Arg2: fffff9564061b010, Pointer to DC
Arg3: fffff9564b2e5b00, Pointer to SURFACE
Arg4: fffff95646d48130, Pointer to REGION
Before copying pixels, the kernel does some sanity checking – are the pixels there in the first place? Here, they are not. The visible region determined by zzzBltValidBits() cannot be found on the surface and rather than copying garbage, it dumps core.
In short, I made the kernel copy pixels which aren’t there. How could this happen?
The obvious first step is reducing my program to a minimal reproducable sample. But this isn’t possible here: I collected the first crash dump on 2020-10-24. Then I ran the program about a thousand times(!) and nothing happened. The second dump was written a week later, on 2020-10-31.
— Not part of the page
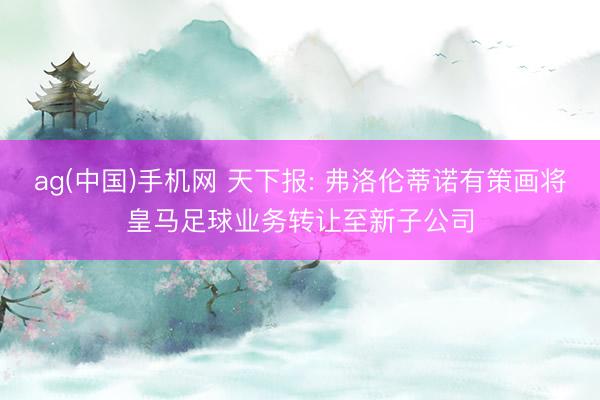 ag(中国)手机网 天下报: 弗洛伦蒂诺有策画将皇马足球业务转让至新子公司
I tried to find out what exactly was causing the error, but the dump does not include user-mode information, as can be seen by
Kernel Bitmap Dump File: Kernel address space is available, User address space may not be available. when windbg opens the dump.
I wanted to make
DbgkWerCaptureLiveKernelDump() collect user-mode information, but instead I found
the following culprit:
Clearly the code is trying to avoid generating too many Live Kernel Reports and thus has put some arbitrary deadline in the future for the next time a dump may be written. I searched but could not find a way to bypass this (i.e. a, “no, please do wear out my SSD and fill my drive, I don’t care!” flag) but alas did not find one. This dashed any and all hopes I had for using this as a testing mechanism in the lab.
The sample in the article uses a time span of four days. So I could be hitting this bug all the time but only once every few weeks the kernel would actually dump core. So much for reducing the problem.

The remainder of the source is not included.